La posibilidad de articular la pérdida a una falta será lo que separará el trabajo del duelo de la
melancolía. Porque ese objeto perdido encarna a la vez la imagen especular, el a puro, ese resto real, y
también el falo como mediación. “Ahí donde en el duelo hay una falta en juego, en la melancolía-manía
hay un agujero” (Soria, 2017, p. 22). En el duelo entonces, se juegan los planos del deseo y el amor,
descompletando el goce en tanto convoca a enfrentar los agujeros en lo real desde lo simbólico, desde
la falta; en la melancolía esto se ve obstaculizado, ubicando la prevalencia del objeto a.
La pregunta que atosiga a Brian es la pregunta por el sentido de una pérdida, que insistía en
forma de “no sé por qué me pegó tanto”, articulada con el interrogante por el sentido de la existencia
misma. Pregunta entonces, que convoca a la articulación en el Otro y cuya dificultad en la respuesta
dejaba entrever algo diferente. No parecía en este caso encontrar un Otro al cual apelar en busca de
réplica, más bien parecía que esa pregunta lo confrontaba con un vacío, lo sumía en ese abismo que
Lacan enuncia como “el desorden provocado en la juntura más íntima del sentimiento de la vida”

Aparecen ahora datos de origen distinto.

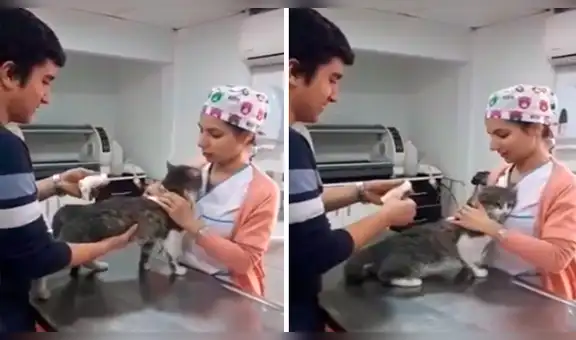 Rescata a gato callejero, lo lleva al veterinario y este tiene emotiva reacción [VIDEO]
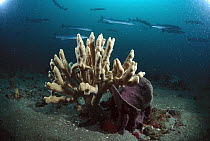 Sponge with schooling Barracuda in the background, Gray's Reef National Marine Sanctuary, Georgia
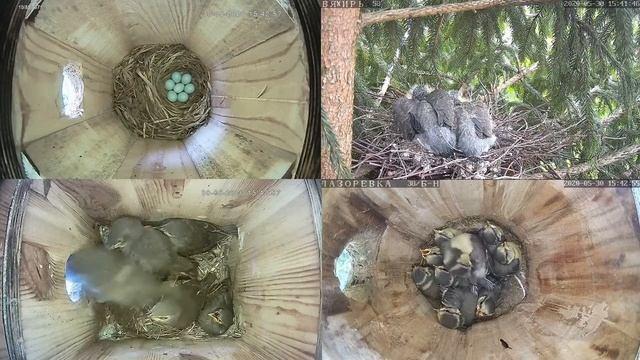 Онлайн-трансляция - 2020. 30.05.2020 г. . город Калуга. смотреть онлайн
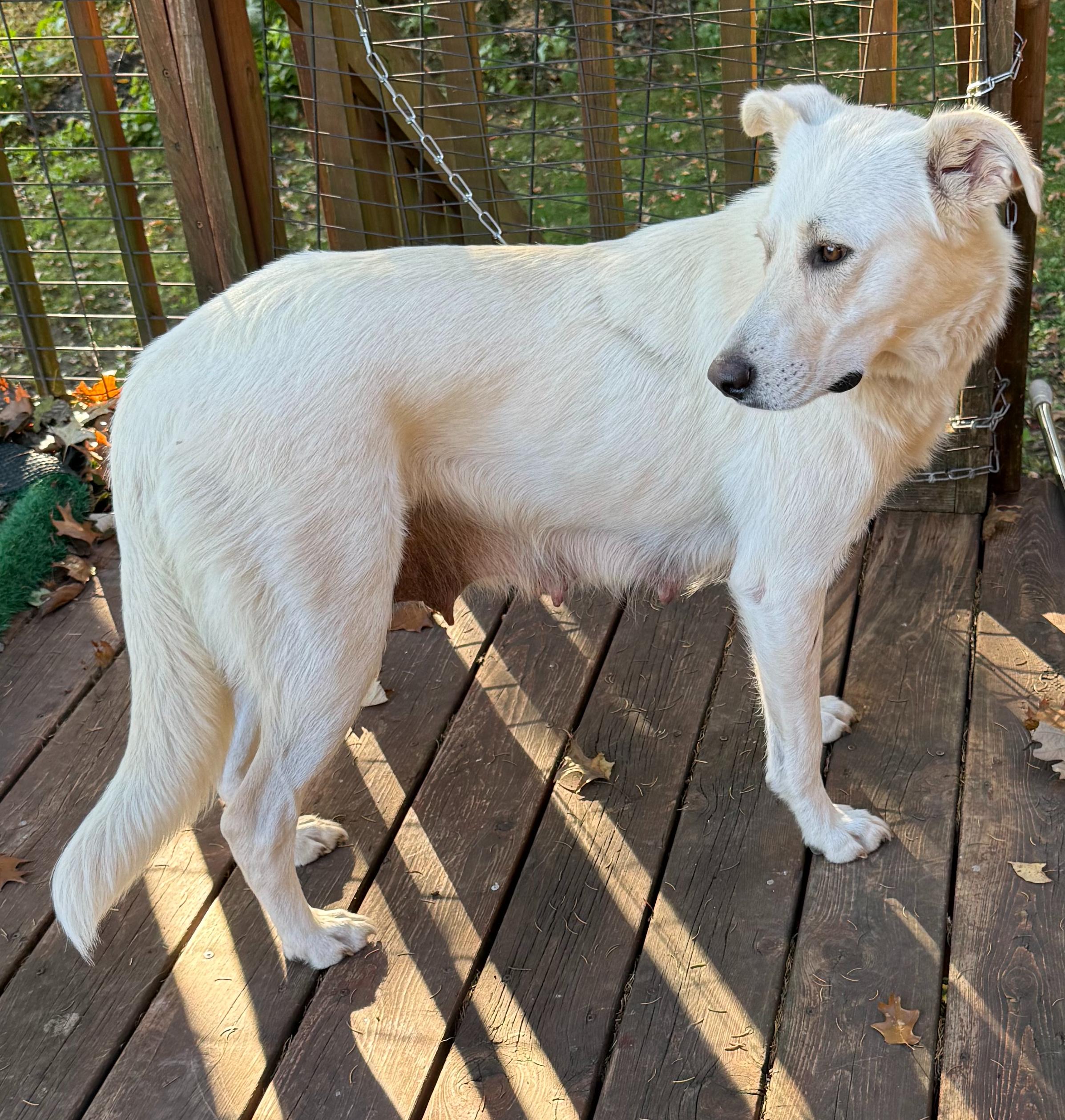 Enlarge Sasha (F), a Adoptable mixed breed in Sun Prairie, WI image 2/3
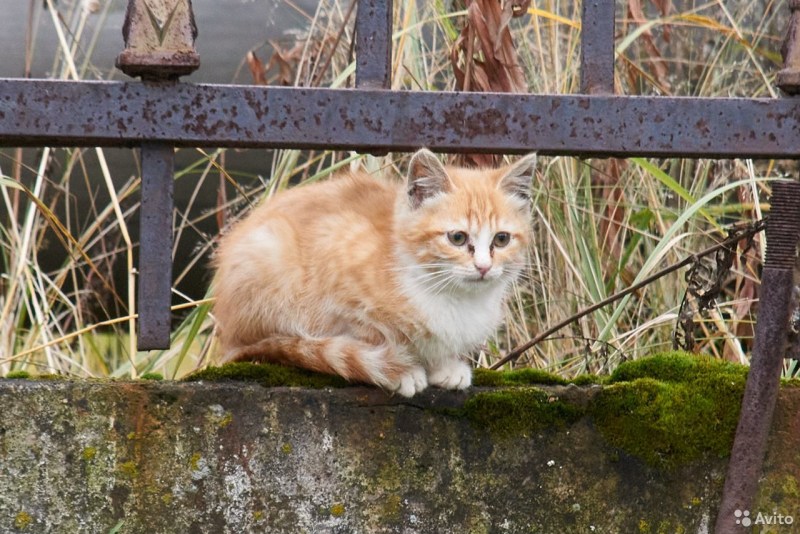 Вот такого котенка. Кошкин дом котята. Как найти котят которых спрятала кошка на улице.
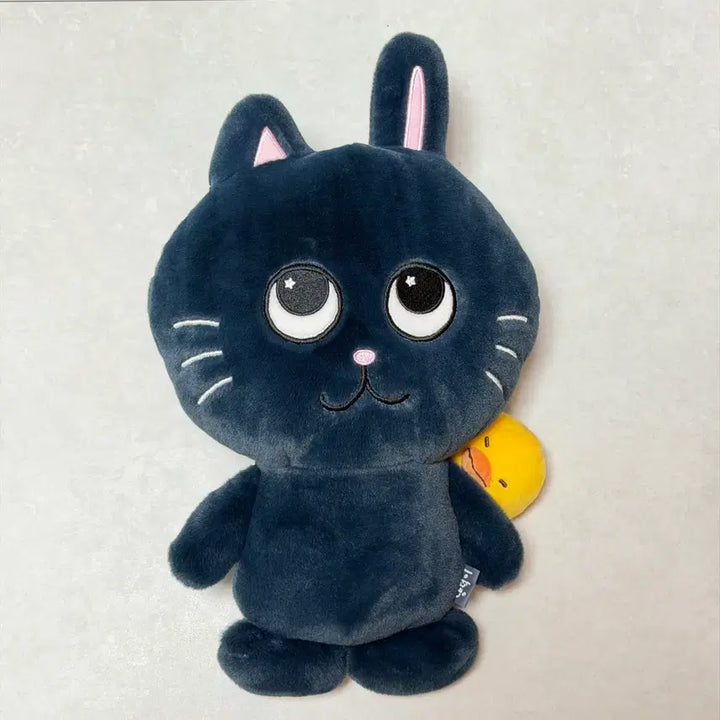 [BUNJANG] RIIZE Wonbin Dollingduck 40cm Plush / 라이즈 원빈 토냥덕 40cm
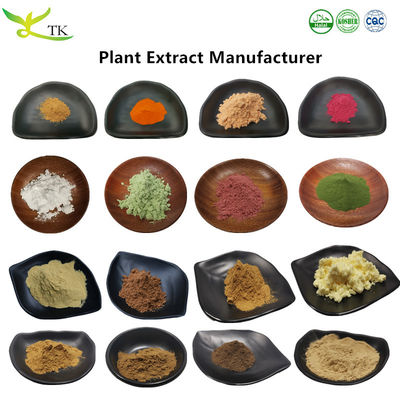 Factory Wholesale Price Natural Food Plant Extract Powder for Herbal Healthcare Supplements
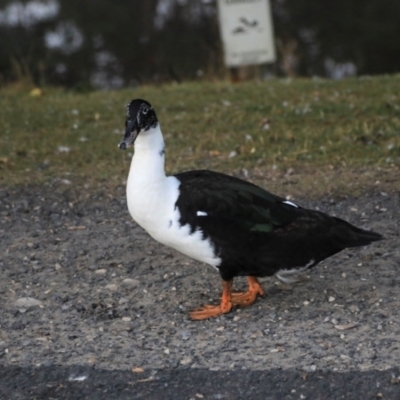 Anas platyrhynchos (Mallard (Domestic Type)) at Smithton, TAS - 10 Feb 2024 by AlisonMilton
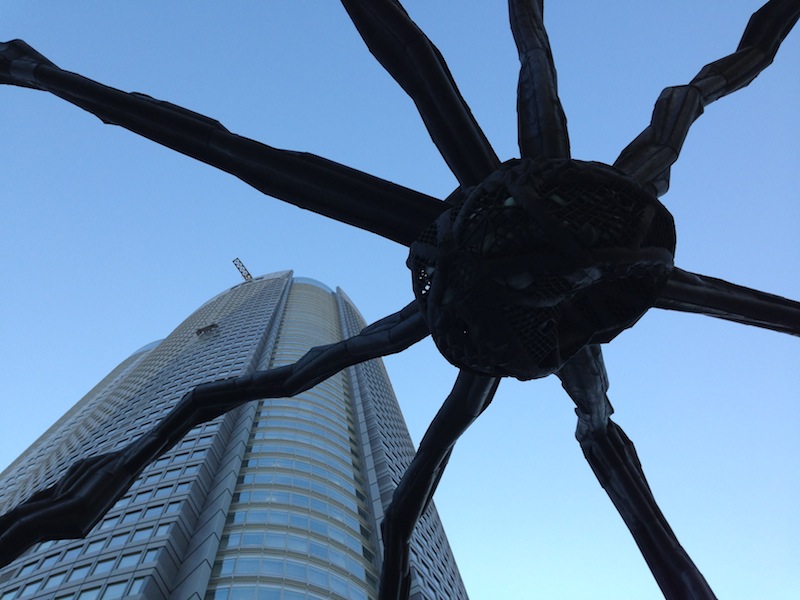 Araña al atardecer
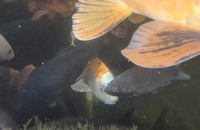Ghost Common Carp Pond fish LARGE for sale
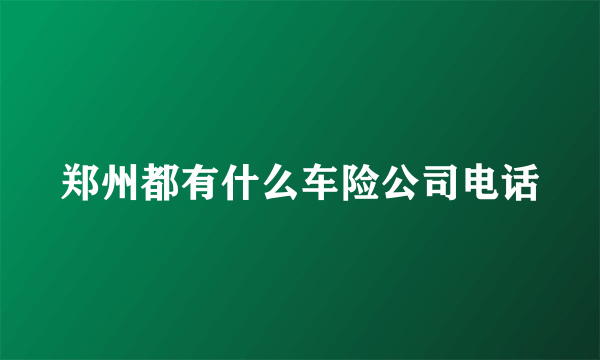 郑州都有什么车险公司电话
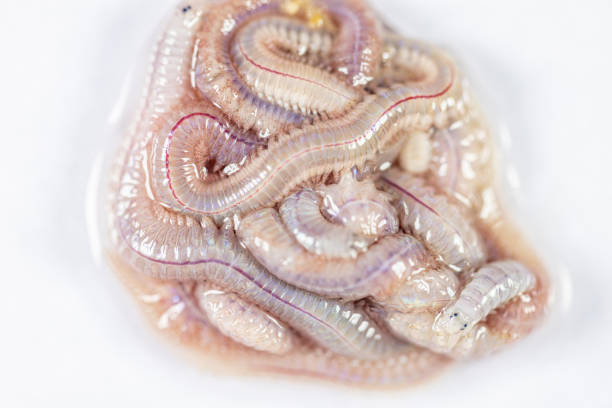istock Sand Worm (Perinereis sp.) is the same species as sea worms (Polychaete) for education in laboratory. 1359954341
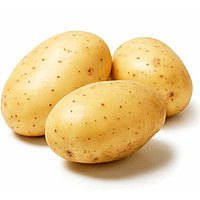 Картофель семенной Гала 1 РС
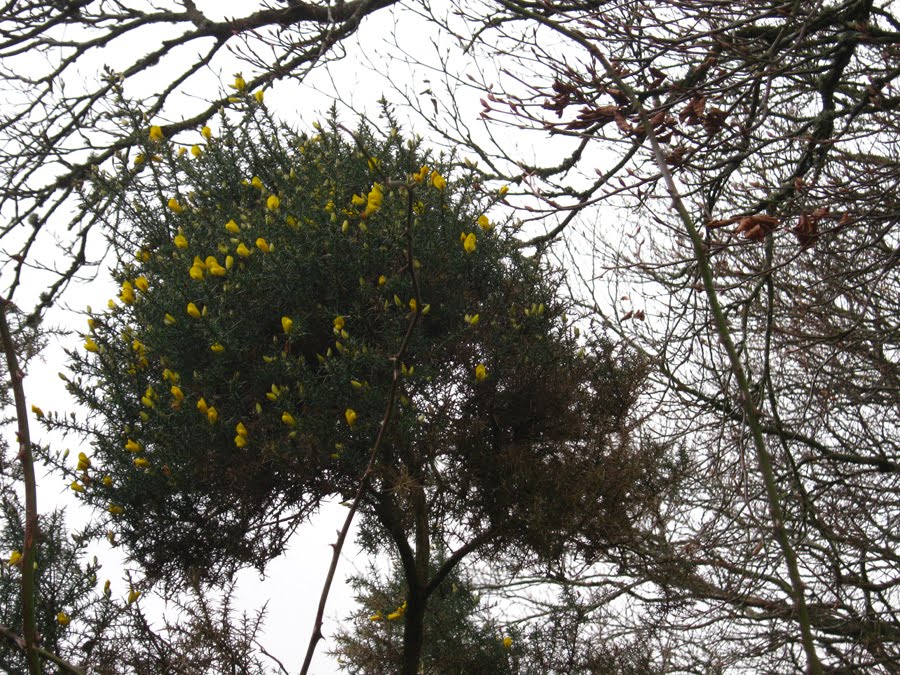 [gorse.jpg]
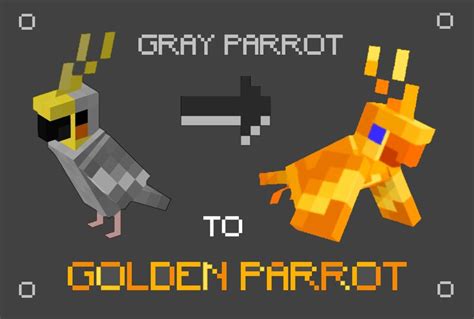 Gray parrot to Golden Parrot (bedrock) 1.20.2/1.20.1/1.20/1.19.2/1.19.1 ...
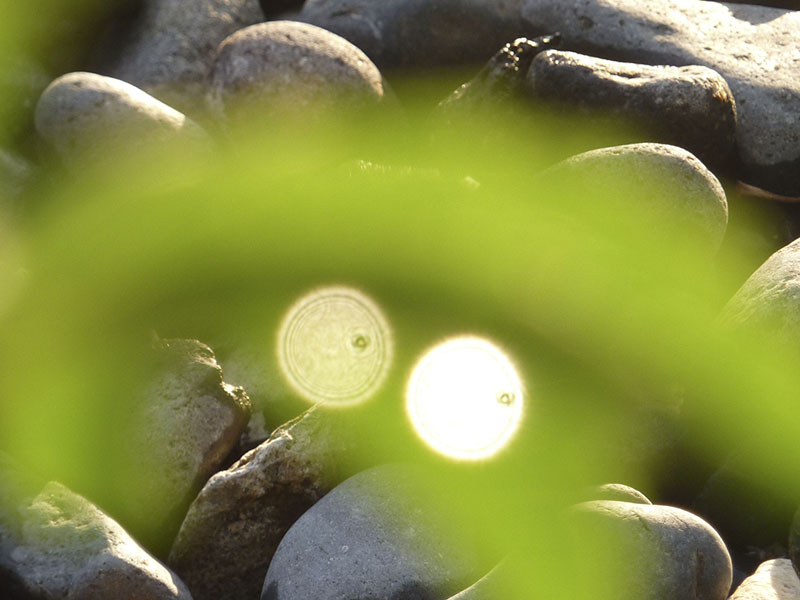 Ich sehe alles (vor allem Fotos)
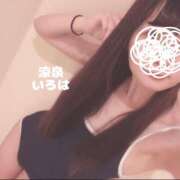 ヒメ日記 2025/06/28 09:30 投稿 いろは 涼泉（りょうせん）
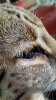 eyelash 2.jpg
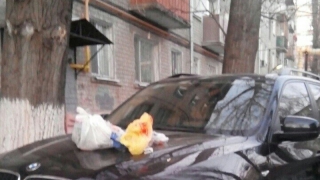 ������ ���������� ������ �������� �� ���» ������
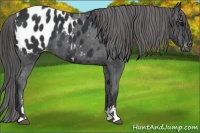 Horse Color:Black Sabino Appaloosa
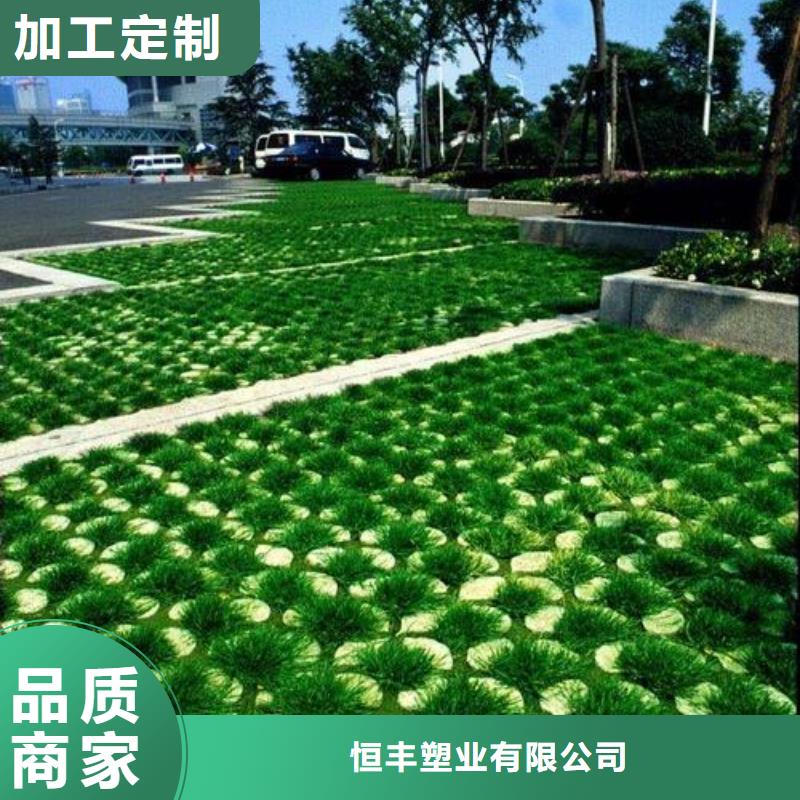 植草格双向塑料土工格栅拒绝差价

(Lacan, 2002 [1958], p. 534). Vacío que evidencia la ausencia de significación fálica, en tanto será
justamente aquella la que está relacionada con el sentimiento de la vida, la que le da significación al ser
viviente del sujeto. Su padecimiento se ubica en relación con una ausencia de impulso vital, pensándola
en términos deseantes, como es enunciada en el Seminario 6 (1958-1959):
“El impulso vital, ese querido impulso vital, esa encantadora encarnación del deseo humano en la naturaleza - aquí
corresponde sin duda hablar de antropomorfismo- , ese famoso impulso con que intentamos hacer que se mantenga
en pie esa naturaleza de la cual no comprendemos gran cosa, ese impulso vital, cuando de él se trata, es algo que el
sujeto humano ve delante de sí y teme que le falte.” (p. 118)
Más adelante en su obra, hablará de la paradoja del sentimiento de ya estar muerto y se referirá
a “la segunda muerte”: la primera como biológica, y la segunda simbólica. La psicosis plantea una
inversión en este ordenamiento, la muerte simbólica funciona como una segunda muerte, que antecede
a la primera. El “dolor de existir”, paradigmático de estas presentaciones, se sitúa entre ambas muertes,
como el traumatismo del goce sobre el viviente (Tendlarz, ). Utilizará la tragedia de Antígona para
ejemplificar esto, aquella mujer que se entierra viva: “Su suplicio consistirá en estar encerrada,
suspendida, en la zona entre la vida y la muerte. Sin estar aún muerta, ya está tachada del mundo de
los vivos. Solamente a partir de allí se desarrolla su queja, a saber, el lamento de la vida” (Lacan, 1959-
1960, p.345).
Ese “lamento de la vida”, será lo que caracteriza el estado anímico de Brian, siendo nombrado -
tanto por su familia como desde la psiquiatría clásica- como depresivo. Significante inespecífico que
adquiere otra connotación desde la lectura psicoanalítica. Lacan la nombrará como cobardía moral, en
el sentido de un deseo ante el cual el sujeto no avanza, sino que se detiene. Sin embargo, “lo que
separa depresión de melancolía y rompe su continuo es que en la melancolía se trata del objeto a fuera
de toda puntuación fálica” (Laurent, p.123). Así, la melancolía versará más sobre lo imperativo del goce
que retorna, en lugar de un deseo ante el cual el sujeto fue cobarde. Se establece una distinción entre la
clínica de la cobardía moral -la de un sujeto definido a partir de la estructura del lenguaje- y aquella del
rechazo del inconsciente de las psicosis. Lo que se produce cuando el deseo se vacía es el dolor de
existir. Lo que queda de la vida cuando no hay nada del deseo, es sentir la existencia como dolorosa.